■ DATA FOR ANALYSIS:
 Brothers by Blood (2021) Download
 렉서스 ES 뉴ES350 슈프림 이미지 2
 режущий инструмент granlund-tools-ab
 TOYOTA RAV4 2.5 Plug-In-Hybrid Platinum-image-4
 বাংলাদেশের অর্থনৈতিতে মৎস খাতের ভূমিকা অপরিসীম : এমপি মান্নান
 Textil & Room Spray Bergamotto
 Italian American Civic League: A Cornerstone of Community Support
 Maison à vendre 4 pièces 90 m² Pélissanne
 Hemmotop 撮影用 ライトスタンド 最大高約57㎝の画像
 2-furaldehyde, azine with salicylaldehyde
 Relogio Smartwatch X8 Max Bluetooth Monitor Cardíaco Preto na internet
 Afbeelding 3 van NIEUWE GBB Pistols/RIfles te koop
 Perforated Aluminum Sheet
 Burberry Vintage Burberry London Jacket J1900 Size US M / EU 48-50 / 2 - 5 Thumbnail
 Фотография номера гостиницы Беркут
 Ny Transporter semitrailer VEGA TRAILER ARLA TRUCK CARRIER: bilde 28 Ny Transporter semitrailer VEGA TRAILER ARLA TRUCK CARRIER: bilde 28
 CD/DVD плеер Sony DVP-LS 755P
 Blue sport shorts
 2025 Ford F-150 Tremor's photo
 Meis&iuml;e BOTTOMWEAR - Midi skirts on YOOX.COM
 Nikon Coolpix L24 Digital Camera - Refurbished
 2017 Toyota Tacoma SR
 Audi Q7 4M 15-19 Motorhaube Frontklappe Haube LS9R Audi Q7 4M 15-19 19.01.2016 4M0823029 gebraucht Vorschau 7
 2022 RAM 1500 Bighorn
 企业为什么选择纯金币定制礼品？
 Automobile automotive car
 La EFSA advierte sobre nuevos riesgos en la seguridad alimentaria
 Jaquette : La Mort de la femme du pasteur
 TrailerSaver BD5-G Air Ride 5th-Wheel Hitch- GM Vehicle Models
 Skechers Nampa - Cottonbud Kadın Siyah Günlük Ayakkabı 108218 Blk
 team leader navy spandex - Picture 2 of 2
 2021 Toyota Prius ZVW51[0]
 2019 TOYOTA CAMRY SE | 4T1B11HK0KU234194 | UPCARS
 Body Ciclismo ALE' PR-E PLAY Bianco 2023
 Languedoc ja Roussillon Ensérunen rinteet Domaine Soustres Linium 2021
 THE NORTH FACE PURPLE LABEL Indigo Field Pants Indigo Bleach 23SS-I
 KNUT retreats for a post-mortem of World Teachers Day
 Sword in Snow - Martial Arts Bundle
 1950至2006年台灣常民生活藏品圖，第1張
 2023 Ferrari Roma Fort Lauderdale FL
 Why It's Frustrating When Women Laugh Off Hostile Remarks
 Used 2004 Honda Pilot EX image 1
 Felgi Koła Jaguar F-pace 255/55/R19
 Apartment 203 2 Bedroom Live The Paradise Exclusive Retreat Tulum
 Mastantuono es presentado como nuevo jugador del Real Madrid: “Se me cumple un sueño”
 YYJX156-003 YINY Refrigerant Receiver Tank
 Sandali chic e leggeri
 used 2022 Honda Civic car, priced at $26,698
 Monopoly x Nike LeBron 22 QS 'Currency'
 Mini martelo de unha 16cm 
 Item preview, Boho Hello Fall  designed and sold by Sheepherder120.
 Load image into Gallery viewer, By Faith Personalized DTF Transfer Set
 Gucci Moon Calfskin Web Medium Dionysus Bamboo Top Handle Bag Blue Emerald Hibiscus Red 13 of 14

■ REQUIRED WORK:
Set down the records again in full. Match them exactly.

■ PROBLEM SOLUTION:
 Brothers by Blood (2021) Download
 렉서스 ES 뉴ES350 슈프림 이미지 2
 режущий инструмент granlund-tools-ab
 TOYOTA RAV4 2.5 Plug-In-Hybrid Platinum-image-4
 বাংলাদেশের অর্থনৈতিতে মৎস খাতের ভূমিকা অপরিসীম : এমপি মান্নান
 Textil & Room Spray Bergamotto
 Italian American Civic League: A Cornerstone of Community Support
 Maison à vendre 4 pièces 90 m² Pélissanne
 Hemmotop 撮影用 ライトスタンド 最大高約57㎝の画像
 2-furaldehyde, azine with salicylaldehyde
 Relogio Smartwatch X8 Max Bluetooth Monitor Cardíaco Preto na internet
 Afbeelding 3 van NIEUWE GBB Pistols/RIfles te koop
 Perforated Aluminum Sheet
 Burberry Vintage Burberry London Jacket J1900 Size US M / EU 48-50 / 2 - 5 Thumbnail
 Фотография номера гостиницы Беркут
 Ny Transporter semitrailer VEGA TRAILER ARLA TRUCK CARRIER: bilde 28 Ny Transporter semitrailer VEGA TRAILER ARLA TRUCK CARRIER: bilde 28
 CD/DVD плеер Sony DVP-LS 755P
 Blue sport shorts
 2025 Ford F-150 Tremor's photo
 Meis&iuml;e BOTTOMWEAR - Midi skirts on YOOX.COM
 Nikon Coolpix L24 Digital Camera - Refurbished
 2017 Toyota Tacoma SR
 Audi Q7 4M 15-19 Motorhaube Frontklappe Haube LS9R Audi Q7 4M 15-19 19.01.2016 4M0823029 gebraucht Vorschau 7
 2022 RAM 1500 Bighorn
 企业为什么选择纯金币定制礼品？
 Automobile automotive car
 La EFSA advierte sobre nuevos riesgos en la seguridad alimentaria
 Jaquette : La Mort de la femme du pasteur
 TrailerSaver BD5-G Air Ride 5th-Wheel Hitch- GM Vehicle Models
 Skechers Nampa - Cottonbud Kadın Siyah Günlük Ayakkabı 108218 Blk
 team leader navy spandex - Picture 2 of 2
 2021 Toyota Prius ZVW51[0]
 2019 TOYOTA CAMRY SE | 4T1B11HK0KU234194 | UPCARS
 Body Ciclismo ALE' PR-E PLAY Bianco 2023
 Languedoc ja Roussillon Ensérunen rinteet Domaine Soustres Linium 2021
 THE NORTH FACE PURPLE LABEL Indigo Field Pants Indigo Bleach 23SS-I
 KNUT retreats for a post-mortem of World Teachers Day
 Sword in Snow - Martial Arts Bundle
 1950至2006年台灣常民生活藏品圖，第1張
 2023 Ferrari Roma Fort Lauderdale FL
 Why It's Frustrating When Women Laugh Off Hostile Remarks
 Used 2004 Honda Pilot EX image 1
 Felgi Koła Jaguar F-pace 255/55/R19
 Apartment 203 2 Bedroom Live The Paradise Exclusive Retreat Tulum
 Mastantuono es presentado como nuevo jugador del Real Madrid: “Se me cumple un sueño”
 YYJX156-003 YINY Refrigerant Receiver Tank
 Sandali chic e leggeri
 used 2022 Honda Civic car, priced at $26,698
 Monopoly x Nike LeBron 22 QS 'Currency'
 Mini martelo de unha 16cm 
 Item preview, Boho Hello Fall  designed and sold by Sheepherder120.
 Load image into Gallery viewer, By Faith Personalized DTF Transfer Set
 Gucci Moon Calfskin Web Medium Dionysus Bamboo Top Handle Bag Blue Emerald Hibiscus Red 13 of 14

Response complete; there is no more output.